* _Action item_:
Return every line from the records below with the string "Apartment".

* _Input data_:

# # # # # # #

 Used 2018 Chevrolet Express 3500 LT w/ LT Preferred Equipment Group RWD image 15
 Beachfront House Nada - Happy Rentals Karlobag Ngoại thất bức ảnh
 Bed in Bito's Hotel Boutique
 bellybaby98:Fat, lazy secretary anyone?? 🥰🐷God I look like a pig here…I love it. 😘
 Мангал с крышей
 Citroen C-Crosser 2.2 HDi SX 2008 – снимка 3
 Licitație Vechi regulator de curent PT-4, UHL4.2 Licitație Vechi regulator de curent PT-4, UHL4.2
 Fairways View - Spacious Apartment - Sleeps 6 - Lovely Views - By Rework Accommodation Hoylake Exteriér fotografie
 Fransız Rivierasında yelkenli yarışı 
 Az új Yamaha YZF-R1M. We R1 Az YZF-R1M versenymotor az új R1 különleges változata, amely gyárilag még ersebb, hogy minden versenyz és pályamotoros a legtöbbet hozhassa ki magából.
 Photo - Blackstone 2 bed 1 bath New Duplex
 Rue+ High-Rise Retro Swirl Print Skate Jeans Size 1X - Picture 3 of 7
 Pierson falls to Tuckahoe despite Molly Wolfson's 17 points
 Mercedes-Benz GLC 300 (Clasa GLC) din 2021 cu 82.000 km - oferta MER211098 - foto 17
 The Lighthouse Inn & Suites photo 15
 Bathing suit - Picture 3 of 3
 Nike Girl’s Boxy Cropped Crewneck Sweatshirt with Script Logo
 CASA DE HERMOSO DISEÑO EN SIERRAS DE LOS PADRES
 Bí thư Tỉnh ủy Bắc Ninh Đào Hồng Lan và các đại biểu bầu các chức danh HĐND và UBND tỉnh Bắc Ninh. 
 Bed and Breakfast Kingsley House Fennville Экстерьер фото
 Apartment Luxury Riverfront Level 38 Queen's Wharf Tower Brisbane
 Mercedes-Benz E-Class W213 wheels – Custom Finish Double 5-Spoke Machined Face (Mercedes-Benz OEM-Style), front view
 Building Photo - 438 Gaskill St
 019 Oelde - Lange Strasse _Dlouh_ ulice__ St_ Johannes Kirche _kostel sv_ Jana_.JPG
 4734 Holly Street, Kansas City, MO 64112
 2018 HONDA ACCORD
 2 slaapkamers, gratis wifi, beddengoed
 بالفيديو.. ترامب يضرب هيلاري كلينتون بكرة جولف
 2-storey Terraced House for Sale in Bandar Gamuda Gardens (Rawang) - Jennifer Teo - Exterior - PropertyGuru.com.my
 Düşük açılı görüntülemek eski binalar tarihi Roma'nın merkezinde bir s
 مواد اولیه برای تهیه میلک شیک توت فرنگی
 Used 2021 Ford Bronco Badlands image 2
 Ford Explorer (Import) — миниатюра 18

# # # # # # #

* _Reply_:
 Fairways View - Spacious Apartment - Sleeps 6 - Lovely Views - By Rework Accommodation Hoylake Exteriér fotografie
 Apartment Luxury Riverfront Level 38 Queen's Wharf Tower Brisbane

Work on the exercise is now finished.